Write out only the tail of the records, beginning at the line containing "السلام عليكم عندي" and including the last line, exactly as written.
--- START ---
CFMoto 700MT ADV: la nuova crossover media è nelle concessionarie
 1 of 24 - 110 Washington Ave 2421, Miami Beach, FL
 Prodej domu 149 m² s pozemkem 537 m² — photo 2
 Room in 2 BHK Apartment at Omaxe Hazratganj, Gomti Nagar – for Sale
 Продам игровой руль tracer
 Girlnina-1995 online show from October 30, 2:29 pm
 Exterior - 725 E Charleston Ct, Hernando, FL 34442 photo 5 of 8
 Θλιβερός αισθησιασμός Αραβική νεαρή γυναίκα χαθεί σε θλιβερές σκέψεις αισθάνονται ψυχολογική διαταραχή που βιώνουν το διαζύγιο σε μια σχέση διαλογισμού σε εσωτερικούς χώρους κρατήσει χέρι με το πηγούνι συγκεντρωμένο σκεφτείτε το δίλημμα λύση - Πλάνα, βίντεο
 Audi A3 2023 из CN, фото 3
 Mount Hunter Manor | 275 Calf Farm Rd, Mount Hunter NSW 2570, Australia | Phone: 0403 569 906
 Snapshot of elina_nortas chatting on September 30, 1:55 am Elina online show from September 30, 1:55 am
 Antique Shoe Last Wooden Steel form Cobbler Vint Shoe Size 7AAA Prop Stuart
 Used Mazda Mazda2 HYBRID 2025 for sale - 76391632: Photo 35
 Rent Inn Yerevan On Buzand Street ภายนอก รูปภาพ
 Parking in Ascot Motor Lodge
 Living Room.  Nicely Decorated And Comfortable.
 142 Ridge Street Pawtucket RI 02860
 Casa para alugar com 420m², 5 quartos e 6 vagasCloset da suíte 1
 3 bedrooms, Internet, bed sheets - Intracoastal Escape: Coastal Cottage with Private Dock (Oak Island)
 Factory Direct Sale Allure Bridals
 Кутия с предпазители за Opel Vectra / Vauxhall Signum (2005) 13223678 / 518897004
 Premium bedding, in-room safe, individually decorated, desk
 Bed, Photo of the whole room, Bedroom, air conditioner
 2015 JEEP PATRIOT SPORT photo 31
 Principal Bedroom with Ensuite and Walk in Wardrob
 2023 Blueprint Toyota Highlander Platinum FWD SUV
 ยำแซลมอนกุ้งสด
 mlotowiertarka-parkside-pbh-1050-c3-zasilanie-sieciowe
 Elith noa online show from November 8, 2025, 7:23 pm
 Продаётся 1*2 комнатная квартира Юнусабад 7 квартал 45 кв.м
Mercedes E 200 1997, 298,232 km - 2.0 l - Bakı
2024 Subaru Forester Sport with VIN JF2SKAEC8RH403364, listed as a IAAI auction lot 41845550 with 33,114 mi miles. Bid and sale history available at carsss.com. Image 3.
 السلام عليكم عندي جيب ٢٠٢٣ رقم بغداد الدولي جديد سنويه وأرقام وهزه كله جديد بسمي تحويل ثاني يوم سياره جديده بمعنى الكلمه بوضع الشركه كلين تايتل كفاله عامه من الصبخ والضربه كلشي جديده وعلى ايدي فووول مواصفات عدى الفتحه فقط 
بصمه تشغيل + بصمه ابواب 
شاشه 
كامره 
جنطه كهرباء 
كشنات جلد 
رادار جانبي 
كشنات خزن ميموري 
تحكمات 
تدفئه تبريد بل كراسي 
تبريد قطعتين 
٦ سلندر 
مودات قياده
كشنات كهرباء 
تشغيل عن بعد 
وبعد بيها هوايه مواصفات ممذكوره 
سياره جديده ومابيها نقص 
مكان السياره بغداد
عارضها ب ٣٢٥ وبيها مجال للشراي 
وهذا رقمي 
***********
--- END ---
WRITTEN ANSWER:
 السلام عليكم عندي جيب ٢٠٢٣ رقم بغداد الدولي جديد سنويه وأرقام وهزه كله جديد بسمي تحويل ثاني يوم سياره جديده بمعنى الكلمه بوضع الشركه كلين تايتل كفاله عامه من الصبخ والضربه كلشي جديده وعلى ايدي فووول مواصفات عدى الفتحه فقط 
بصمه تشغيل + بصمه ابواب 
شاشه 
كامره 
جنطه كهرباء 
كشنات جلد 
رادار جانبي 
كشنات خزن ميموري 
تحكمات 
تدفئه تبريد بل كراسي 
تبريد قطعتين 
٦ سلندر 
مودات قياده
كشنات كهرباء 
تشغيل عن بعد 
وبعد بيها هوايه مواصفات ممذكوره 
سياره جديده ومابيها نقص 
مكان السياره بغداد
عارضها ب ٣٢٥ وبيها مجال للشراي 
وهذا رقمي 
***********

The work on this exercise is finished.